Checklist: Communicating with Government Officials

  • Familiarize yourself with Congressional staff roles.
  • Review the legislative process.
  • Identify key government officials.
  • Prepare an information kit about the coalition.
  •  Write letters to key legislators and other influential public officials.
  • Arrange for a meeting with key public officials in Washington, the state capital or district office(s). Review tips on meeting with government officials prior to your meeting.
  • Prepare issue papers and handout materials for legislative meetings.
  • Write letters and/or make phone calls to key congressional staff on important issues.
  • Contact candidates about their views on public transportation. Provide them with information on your views.
  • Consider hosting a "Meet the Candidate" Night event.
  • Conduct a voter registration drive.
  • Sponsor a tour of public transportation facilities.
  • Sponsor or participate in a Town Hall meeting or a conference on public transportation.

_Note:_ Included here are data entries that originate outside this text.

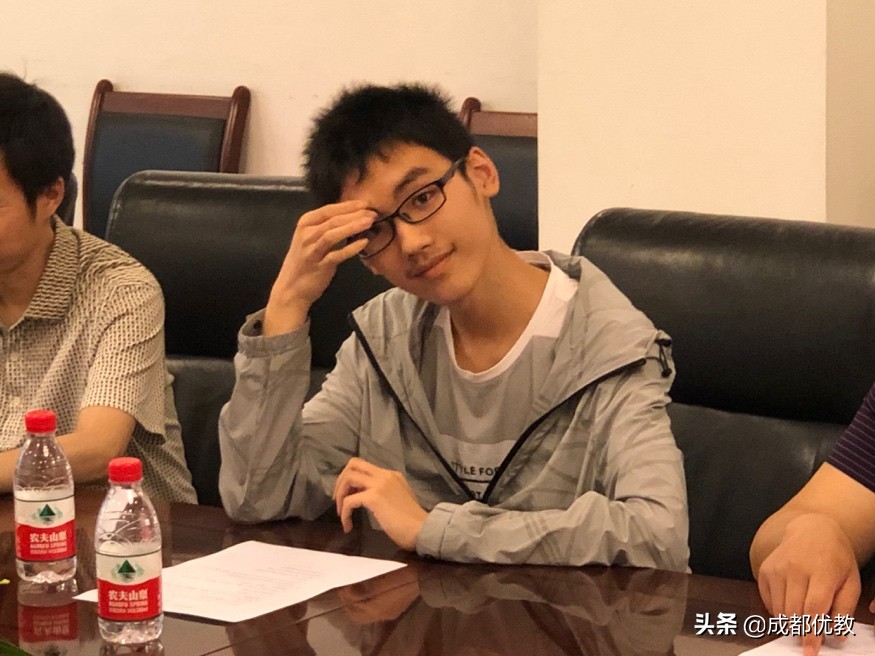 高考理综王者！成都七中实验张家瑜分享学习经验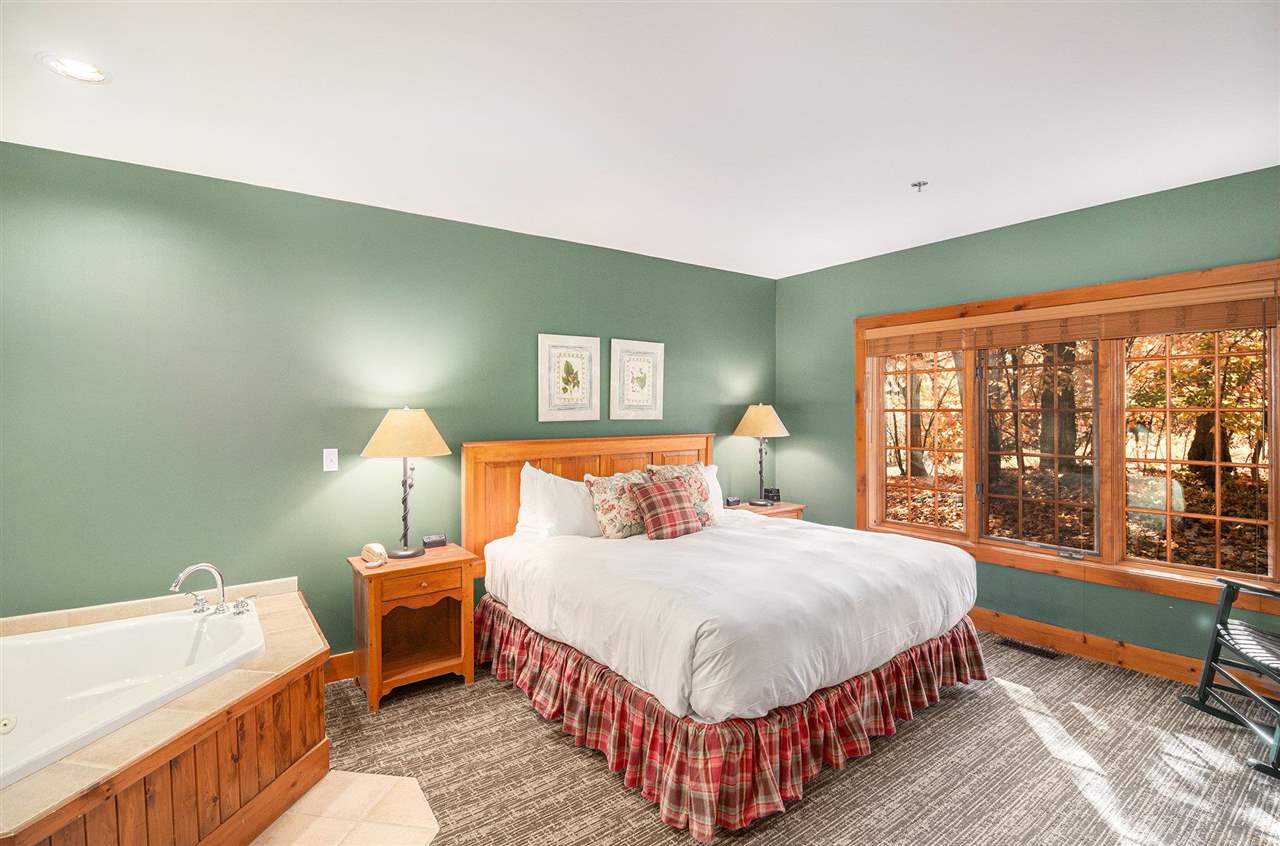 5134 Alpine Overpass Harbor Springs MI 49740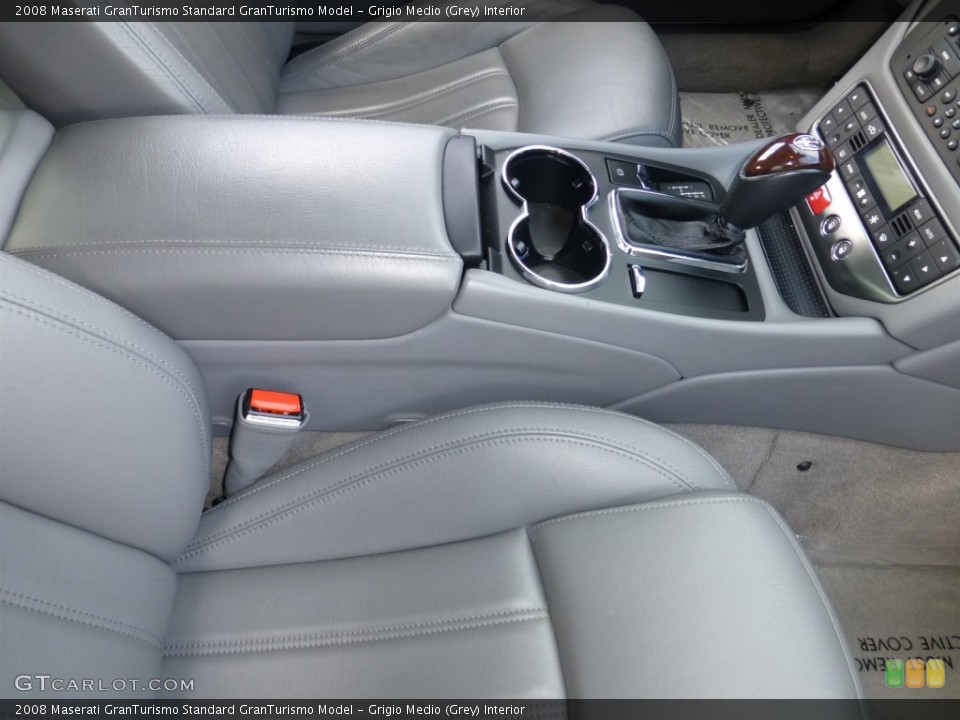 Grigio Medio (Grey) Interior Controls for the 2008 Maserati GranTurismo  #79853467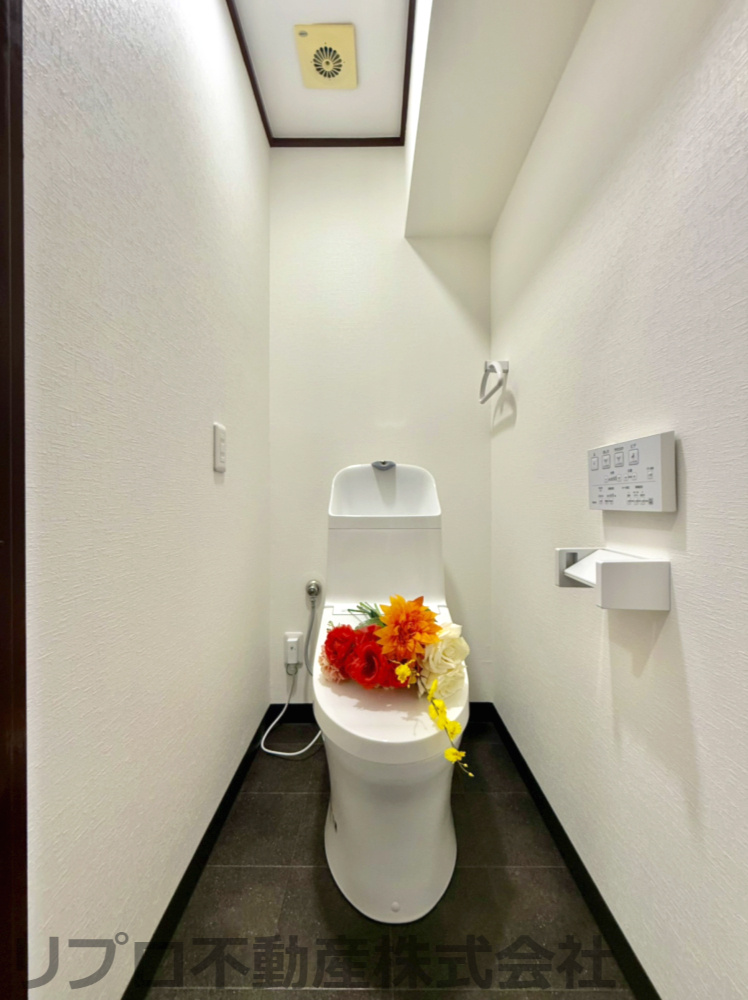 天王台ロイヤルマンションのトイレ|トイレは温水洗浄便座となっていて、タオルリングや換気扇があるリフォーム済みのトイレです！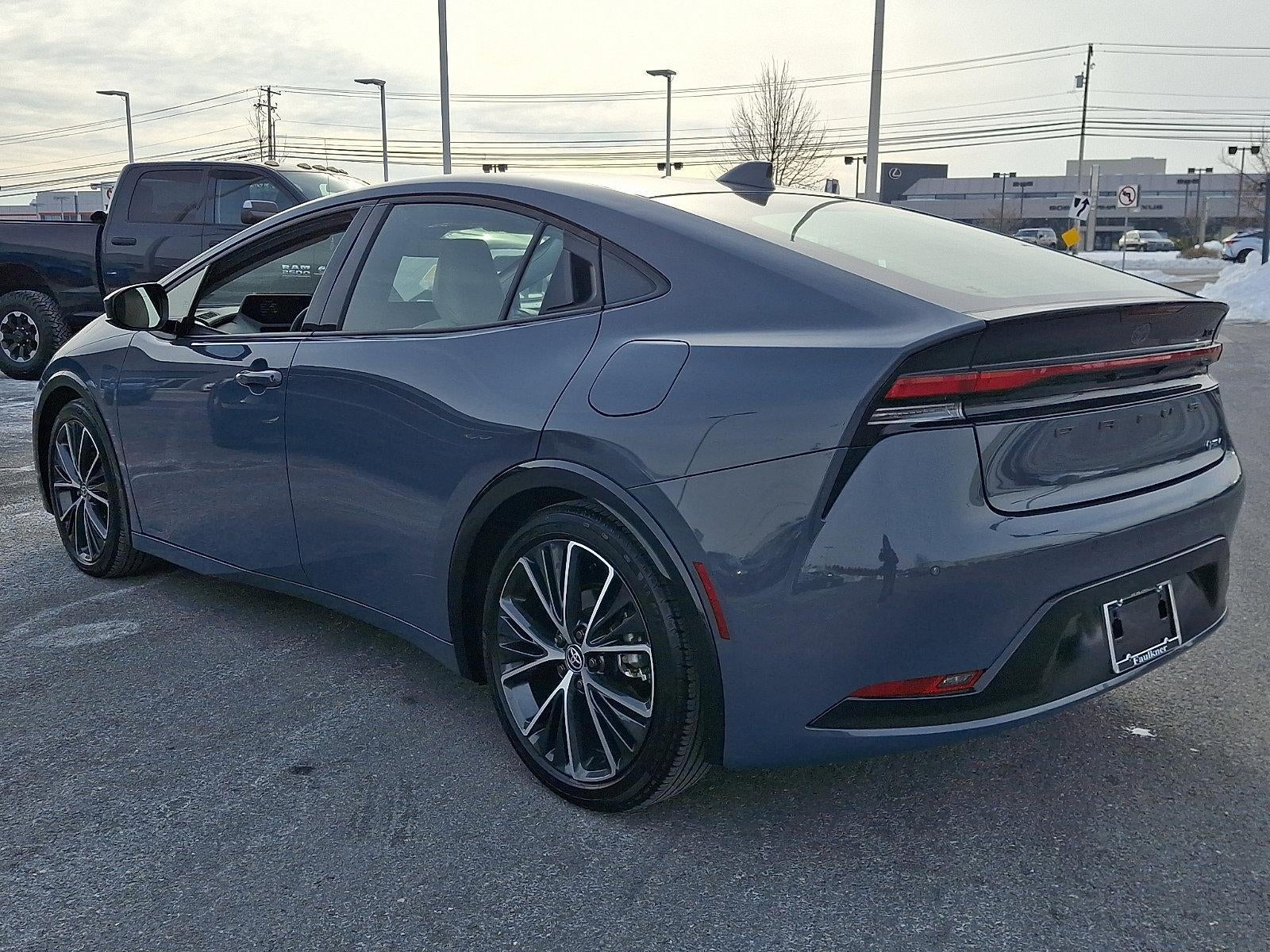 2025 Toyota Prius Limited (Natl)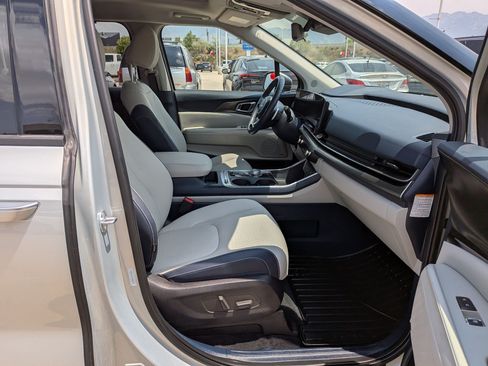 Certified 2025 Kia Carnival SX Prestige FWD image 31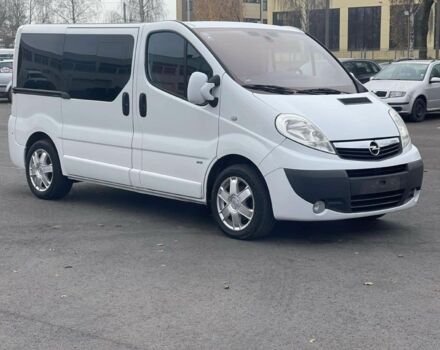Белый Опель Виваро, объемом двигателя 2.5 л и пробегом 274 тыс. км за 8000 $, фото 2 на Automoto.ua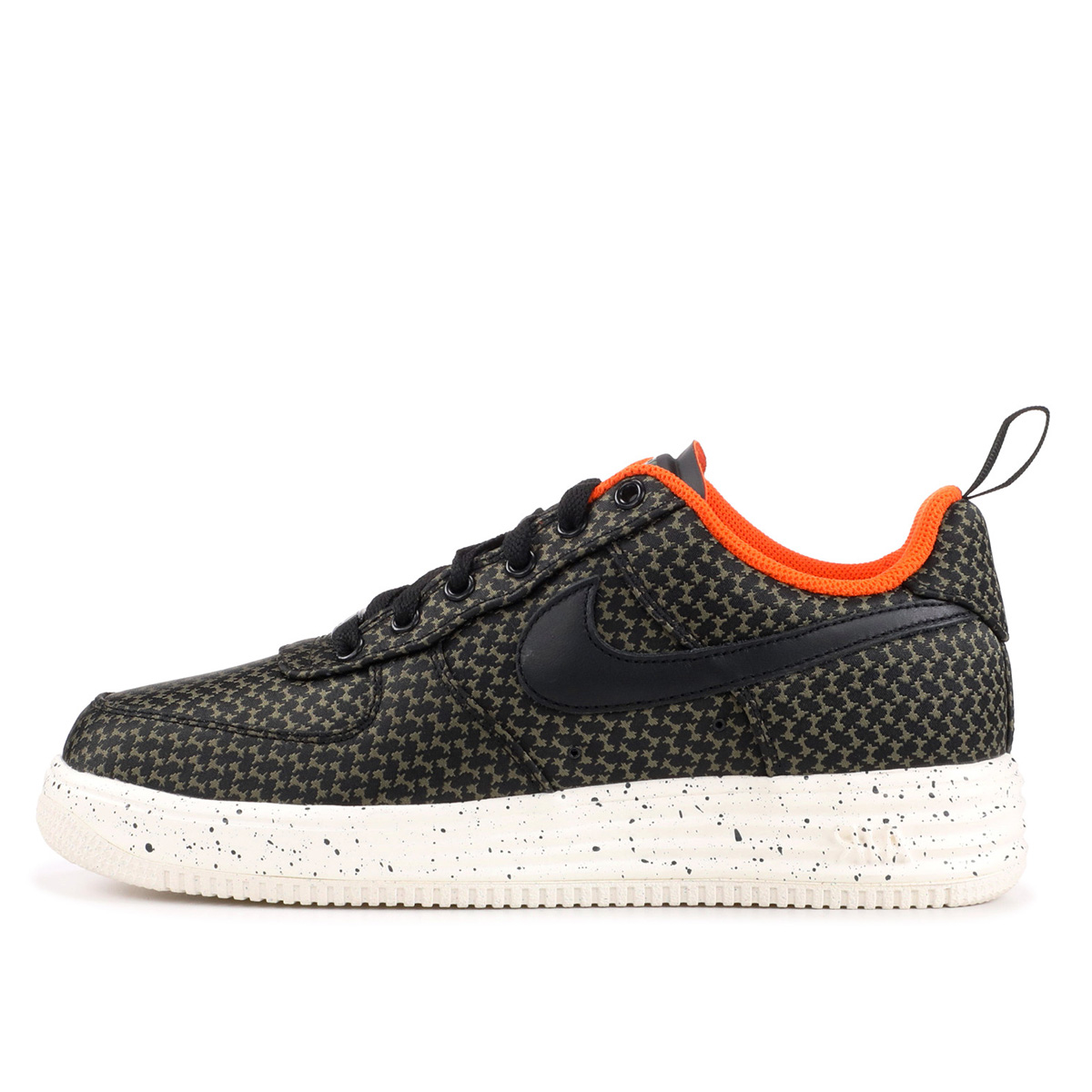 Nike x Undefeated Lunar Force 1 Low Black sneaker – authenticated on KLEKT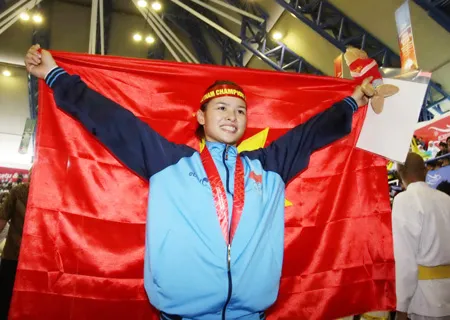 Niềm vui của võ sĩ Nguyễn Hương Xuân sau chiến thắng trước Tuti Trisnayati (Indonesia) ở trận chung kết.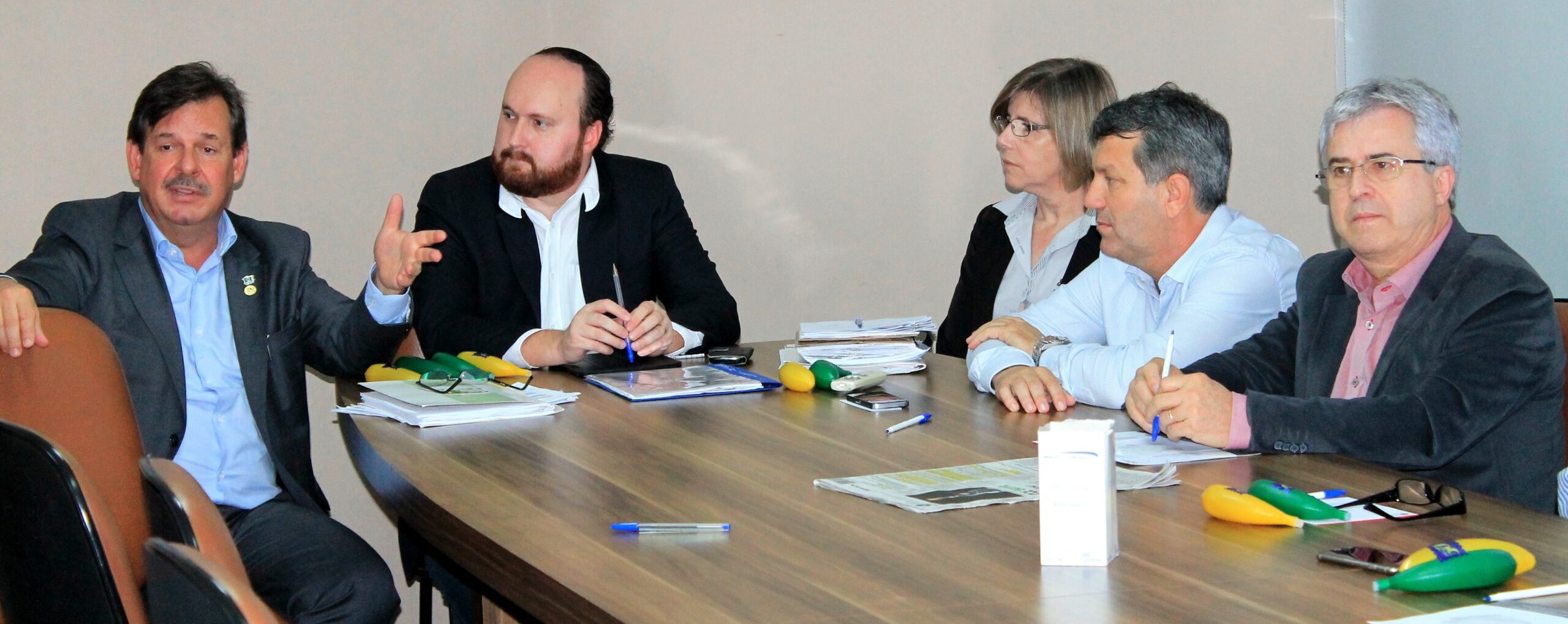 You are currently viewing Prefeitos da região da AMUNESC participam de pré-assembleia da FECAM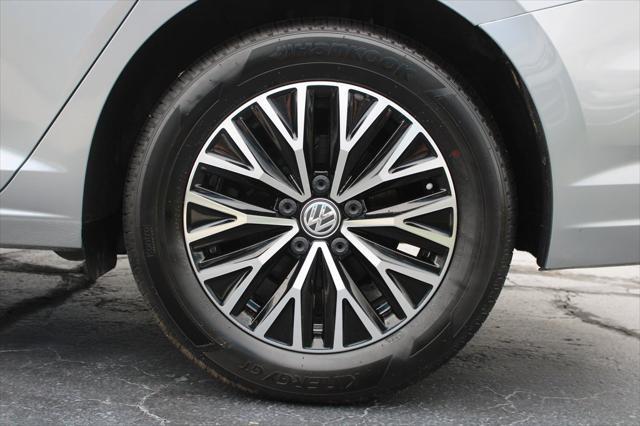 Photo of 2020 Black Uni Volkswagen Jetta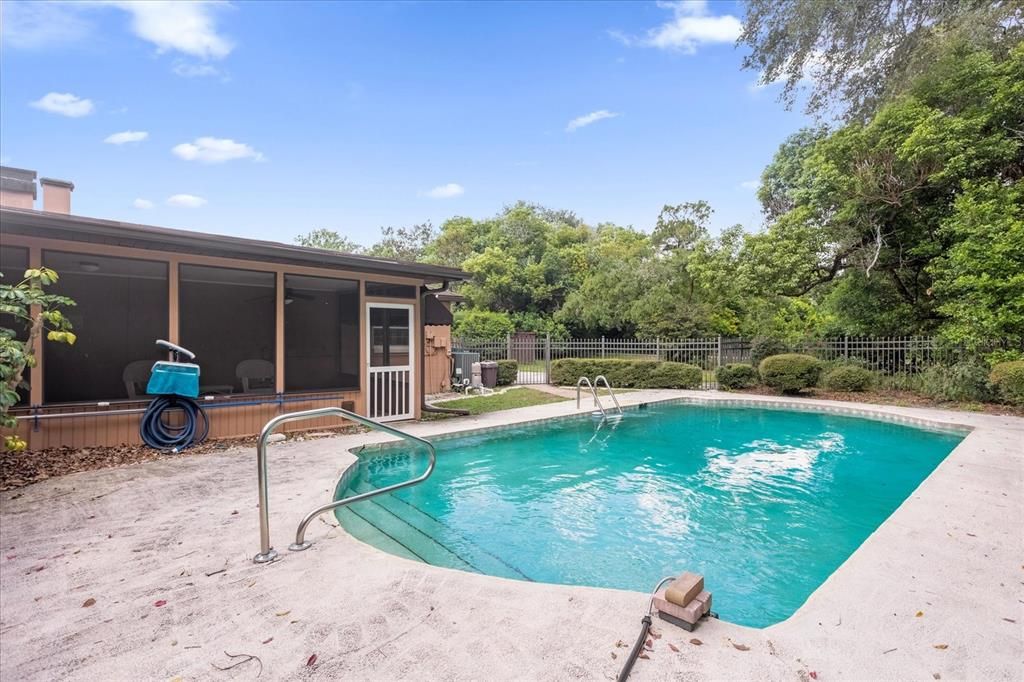 Active With Contract: $600,000 (4 beds, 2 baths, 2145 Square Feet)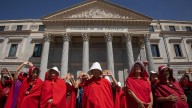Una procesión de 'criadas' reclama en Madrid el fin de los vientres de alquiler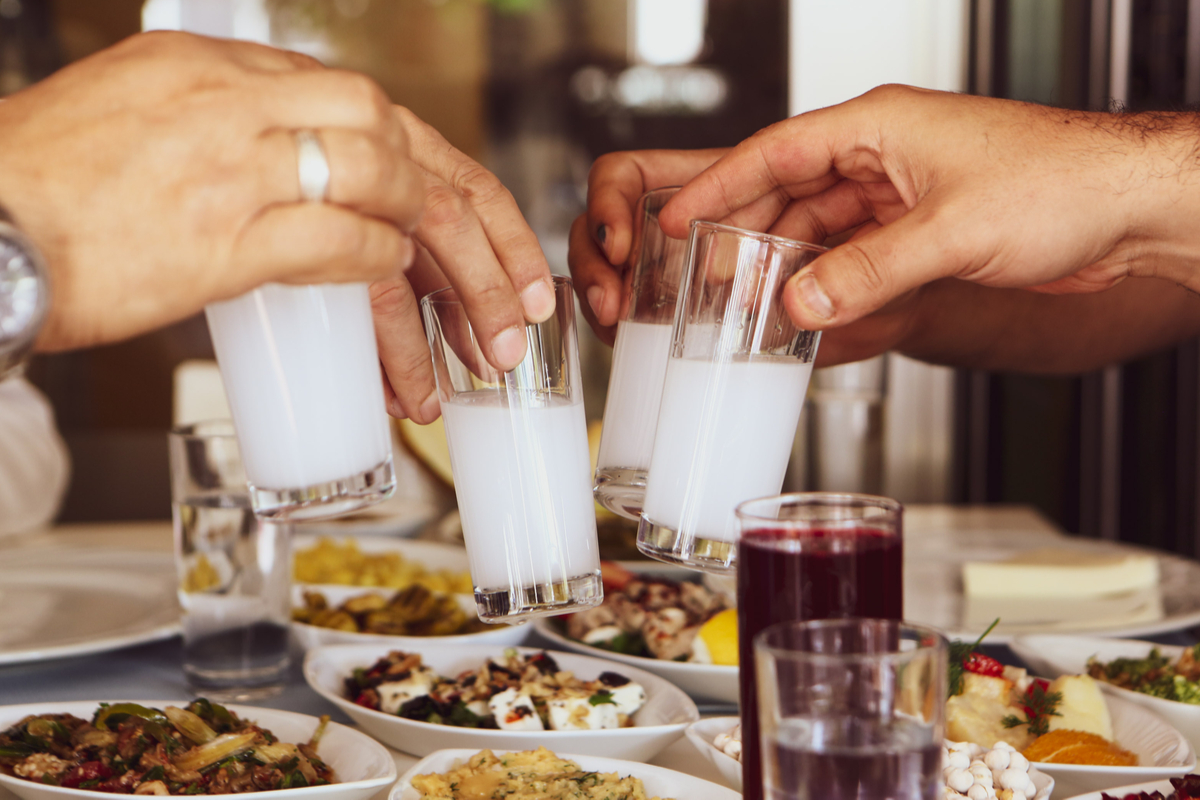 Raki, Greek food and drink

Quick Tips for Communicating with Government Officials

  • Establish a rapport and working relationship with your local, state and federal officials and with their staff members.
  • Recognize your officials when they are supportive of your efforts.
  • Treat staff with the same respect you would show the elected official. Always try to keep staff informed. When asking for assistance from staff, make the request clear and include any pertinent background information. Never lie.
  • If transit is not a priority to their boss, staff members are not likely to take a significant interest. Help educate staff members over time and look for links to other issues that do interest officials.
  • If an elected official votes the "wrong" way on an issue, do not seek payback. Respectfully explain to your staff contact why you disagree with the official and ask how you can improve communication to make your case the next time.
  • Always thank public officials and their staff for their assistance.
  • Offer tours of your facility and operations. The more that public officials understand what you do, the challenges you face, and how it affects their constituents, the easier it is for them to champion your issues.
  • Try to give staff a "heads up" on new activities or issues that may affect their constituents or may end up in the press.
  • If possible send regular e-mails to designated staff. It will keep your organization and issues fresh in their minds.
  • Explain the political rationale, the local need and the local benefit to staff or the public official. They will be more likely to help if they can "fix" a local problem.
  • When presenting a proposal, let the official know if there is organized opposition against the idea. Be prepared to respond to objections.
  • Recognize that most legislation is crafted at the subcommittee or committee level. It is always easier to convince a committee to make changes than the entire House or Senate.
  • Don’t be afraid to ask for what you want.
  • Keep written material short and to the point.